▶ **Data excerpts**

================

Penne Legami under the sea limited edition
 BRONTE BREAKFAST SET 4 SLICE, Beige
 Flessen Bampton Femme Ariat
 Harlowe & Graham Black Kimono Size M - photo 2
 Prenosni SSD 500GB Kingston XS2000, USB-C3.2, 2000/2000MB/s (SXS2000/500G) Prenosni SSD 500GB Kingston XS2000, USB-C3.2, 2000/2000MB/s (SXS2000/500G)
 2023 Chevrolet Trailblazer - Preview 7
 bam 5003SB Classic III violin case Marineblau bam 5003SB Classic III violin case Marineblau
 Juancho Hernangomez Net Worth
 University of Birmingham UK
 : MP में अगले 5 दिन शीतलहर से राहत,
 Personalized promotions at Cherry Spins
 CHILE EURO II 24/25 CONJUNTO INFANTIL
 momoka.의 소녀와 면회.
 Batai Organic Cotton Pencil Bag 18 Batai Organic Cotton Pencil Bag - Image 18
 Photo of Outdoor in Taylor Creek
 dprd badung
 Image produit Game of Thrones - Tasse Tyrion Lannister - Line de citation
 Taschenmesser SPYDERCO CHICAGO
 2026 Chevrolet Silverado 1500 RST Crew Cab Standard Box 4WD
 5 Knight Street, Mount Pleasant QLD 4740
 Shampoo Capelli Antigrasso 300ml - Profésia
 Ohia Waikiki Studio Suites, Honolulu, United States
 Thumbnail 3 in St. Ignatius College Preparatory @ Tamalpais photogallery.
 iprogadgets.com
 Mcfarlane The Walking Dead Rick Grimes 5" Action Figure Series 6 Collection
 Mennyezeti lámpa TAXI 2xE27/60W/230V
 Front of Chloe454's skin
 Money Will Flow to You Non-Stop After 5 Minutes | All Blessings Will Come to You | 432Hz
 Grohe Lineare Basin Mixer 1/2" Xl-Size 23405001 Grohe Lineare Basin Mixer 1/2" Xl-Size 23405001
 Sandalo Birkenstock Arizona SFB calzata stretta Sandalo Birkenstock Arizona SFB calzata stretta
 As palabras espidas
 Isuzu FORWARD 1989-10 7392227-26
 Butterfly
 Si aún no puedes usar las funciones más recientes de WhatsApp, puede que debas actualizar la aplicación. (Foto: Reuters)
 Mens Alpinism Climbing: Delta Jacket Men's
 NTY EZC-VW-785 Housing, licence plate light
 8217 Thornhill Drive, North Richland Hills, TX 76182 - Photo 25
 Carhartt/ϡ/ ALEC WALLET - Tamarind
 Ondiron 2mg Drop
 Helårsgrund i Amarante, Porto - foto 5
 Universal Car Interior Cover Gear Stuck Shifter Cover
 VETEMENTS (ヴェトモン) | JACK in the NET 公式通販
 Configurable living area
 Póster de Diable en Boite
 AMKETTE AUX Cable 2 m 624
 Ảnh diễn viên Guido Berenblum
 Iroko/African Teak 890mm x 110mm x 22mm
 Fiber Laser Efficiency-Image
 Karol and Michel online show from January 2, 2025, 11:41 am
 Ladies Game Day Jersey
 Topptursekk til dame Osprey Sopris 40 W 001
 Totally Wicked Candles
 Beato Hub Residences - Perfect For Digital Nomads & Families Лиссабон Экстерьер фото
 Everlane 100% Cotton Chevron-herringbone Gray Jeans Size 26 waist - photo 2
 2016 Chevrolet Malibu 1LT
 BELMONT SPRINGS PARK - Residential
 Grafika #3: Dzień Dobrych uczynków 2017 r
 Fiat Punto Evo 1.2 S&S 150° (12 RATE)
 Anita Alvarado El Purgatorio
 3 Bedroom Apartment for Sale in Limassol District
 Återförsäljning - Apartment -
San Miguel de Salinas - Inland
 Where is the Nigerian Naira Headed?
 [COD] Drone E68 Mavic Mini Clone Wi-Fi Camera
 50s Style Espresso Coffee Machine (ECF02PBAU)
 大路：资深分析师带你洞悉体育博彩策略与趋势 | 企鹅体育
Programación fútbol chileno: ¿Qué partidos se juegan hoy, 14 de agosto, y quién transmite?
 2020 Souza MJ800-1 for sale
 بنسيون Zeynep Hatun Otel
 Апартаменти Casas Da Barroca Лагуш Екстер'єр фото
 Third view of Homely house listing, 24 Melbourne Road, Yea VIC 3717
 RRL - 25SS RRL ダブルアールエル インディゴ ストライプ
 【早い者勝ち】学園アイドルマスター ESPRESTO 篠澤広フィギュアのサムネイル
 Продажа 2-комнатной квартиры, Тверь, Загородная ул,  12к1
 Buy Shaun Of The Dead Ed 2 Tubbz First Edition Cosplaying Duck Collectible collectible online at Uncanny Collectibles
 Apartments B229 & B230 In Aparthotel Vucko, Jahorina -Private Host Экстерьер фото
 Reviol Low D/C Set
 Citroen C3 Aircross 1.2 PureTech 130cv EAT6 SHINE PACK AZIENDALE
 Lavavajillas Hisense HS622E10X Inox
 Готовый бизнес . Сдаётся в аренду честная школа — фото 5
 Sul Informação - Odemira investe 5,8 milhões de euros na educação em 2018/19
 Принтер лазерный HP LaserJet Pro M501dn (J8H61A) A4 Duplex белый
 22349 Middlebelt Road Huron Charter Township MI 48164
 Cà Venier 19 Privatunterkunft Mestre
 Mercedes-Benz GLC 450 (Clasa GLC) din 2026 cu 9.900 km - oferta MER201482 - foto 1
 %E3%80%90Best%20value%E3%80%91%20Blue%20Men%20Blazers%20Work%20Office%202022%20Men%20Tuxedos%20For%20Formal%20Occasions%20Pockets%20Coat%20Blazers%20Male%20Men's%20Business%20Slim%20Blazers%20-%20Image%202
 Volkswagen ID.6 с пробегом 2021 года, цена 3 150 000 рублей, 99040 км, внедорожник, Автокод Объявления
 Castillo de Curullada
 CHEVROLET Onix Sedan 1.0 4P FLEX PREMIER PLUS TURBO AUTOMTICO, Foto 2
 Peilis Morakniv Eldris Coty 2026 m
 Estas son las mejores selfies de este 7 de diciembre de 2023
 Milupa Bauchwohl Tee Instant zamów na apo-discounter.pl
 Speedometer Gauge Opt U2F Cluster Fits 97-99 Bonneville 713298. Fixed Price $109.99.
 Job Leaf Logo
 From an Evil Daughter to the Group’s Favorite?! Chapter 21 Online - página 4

================

▶ **Work order**
Filter the lines above so that only those with the string "Road" remain, then copy them.

▶ **Result below**
 Third view of Homely house listing, 24 Melbourne Road, Yea VIC 3717
 22349 Middlebelt Road Huron Charter Township MI 48164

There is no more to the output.